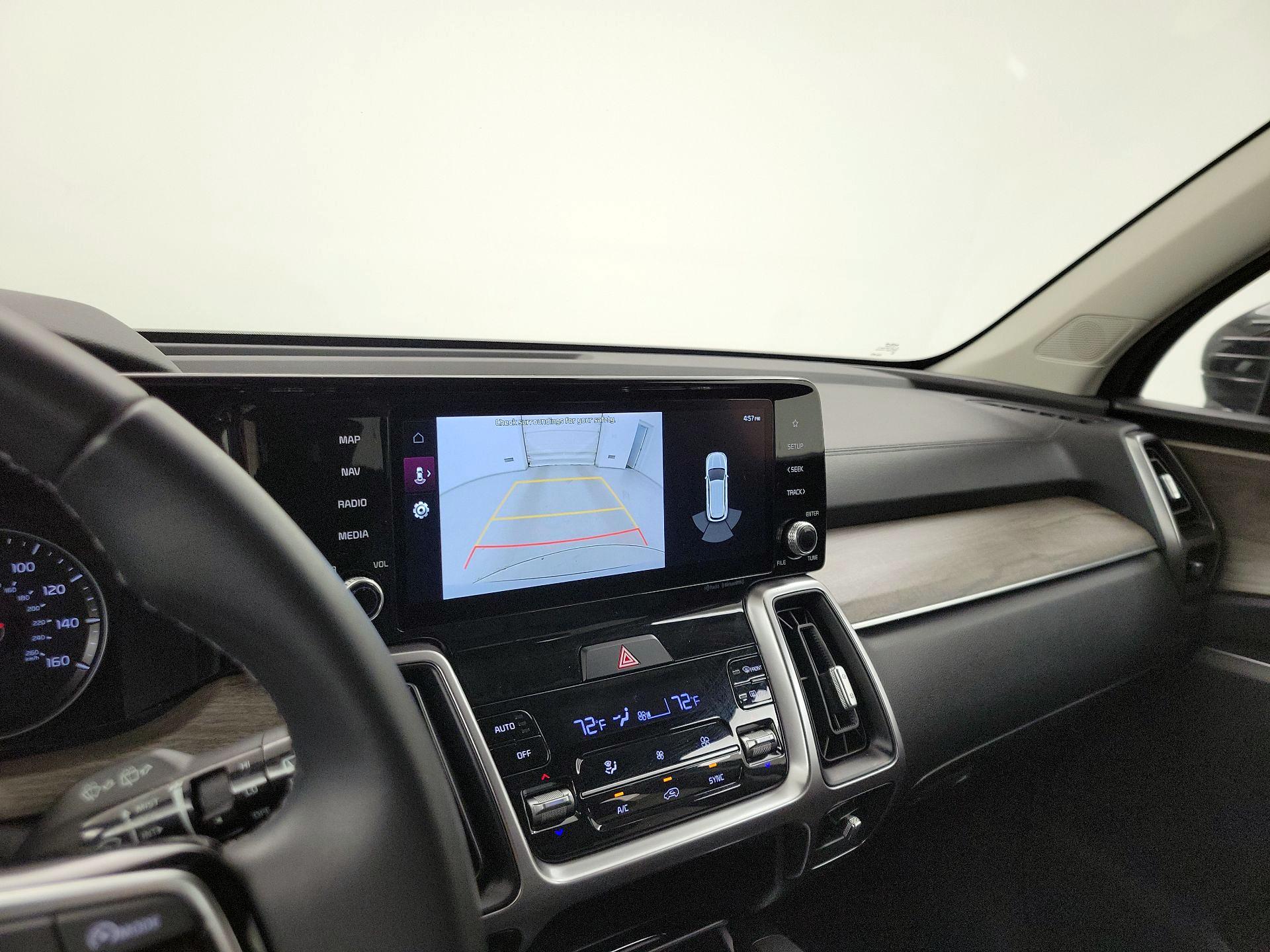 Thumbnail: 2023 Kia Sorento - 15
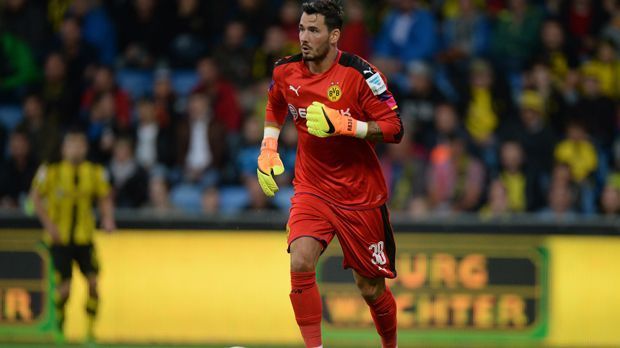 
                <strong>Roman Bürki</strong><br>
                Roman Bürki: Starke auf der Linie, besonders bei seiner Glanzparade gegen Vidal. Allerdings mit kleineren Problemen bei hohen Bällen. ran-Note: 3
              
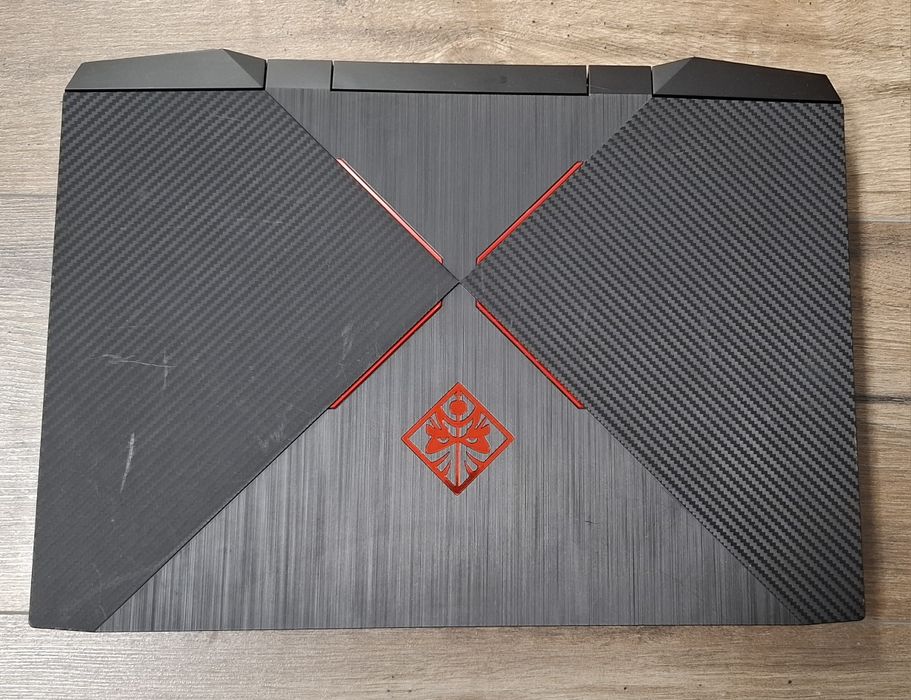 Геймърски Лаптоп HP Omen 15
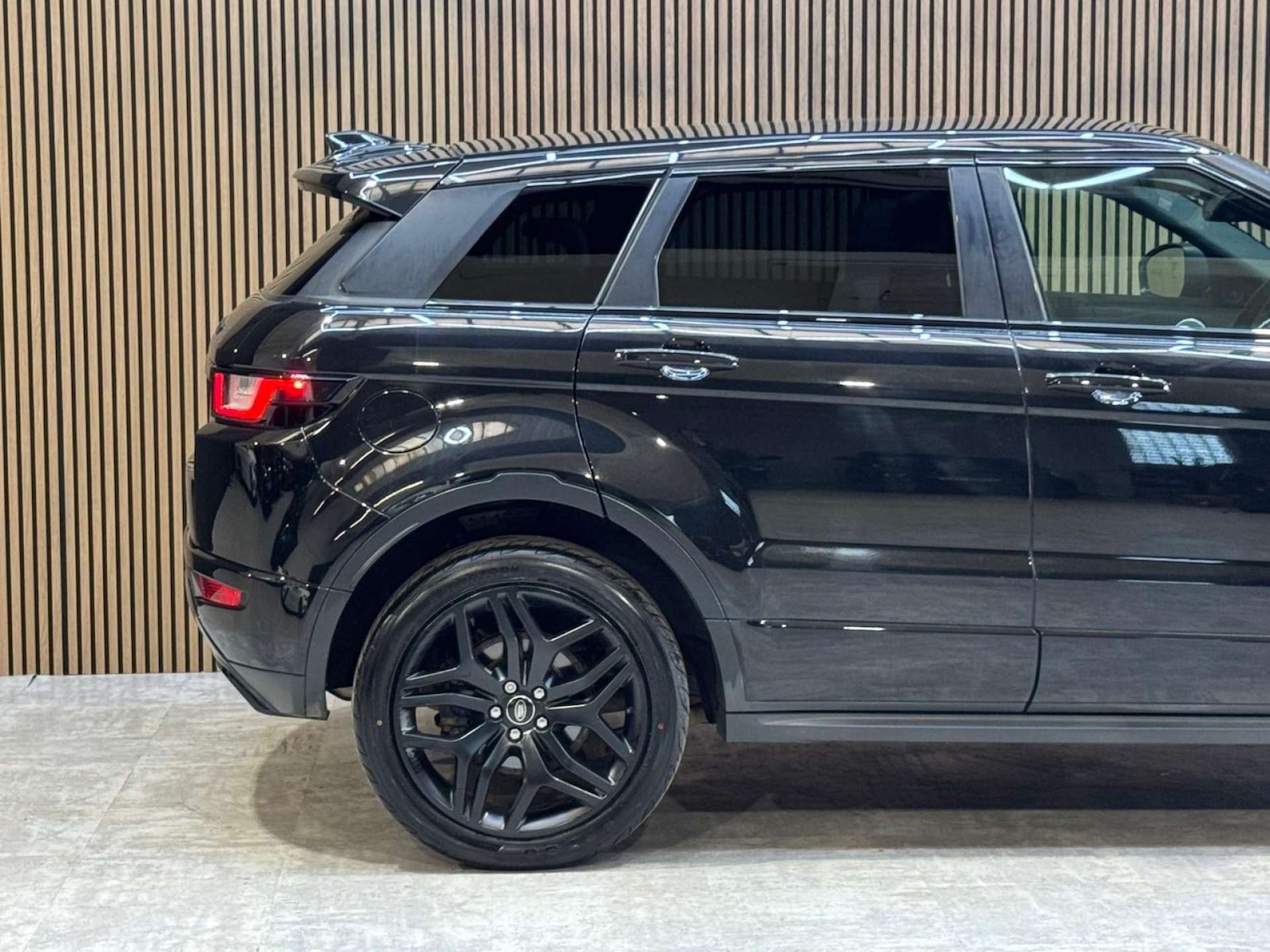 Used Land Rover Range Rover Evoque 2017 for sale - 77990077: Photo 18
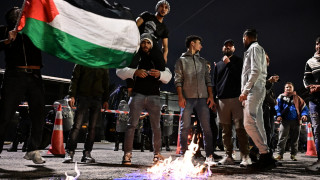 Επεισόδια στην πορεία για τη Γάζα: Φωτοβολίδες και χημικά έξω από την πρεσβεία του Ισραήλ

####

## About this task
A copy of each line in the data above that holds the string "Bürki" is needed.

## Answer area
                <strong>Roman Bürki</strong><br>
                Roman Bürki: Starke auf der Linie, besonders bei seiner Glanzparade gegen Vidal. Allerdings mit kleineren Problemen bei hohen Bällen. ran-Note: 3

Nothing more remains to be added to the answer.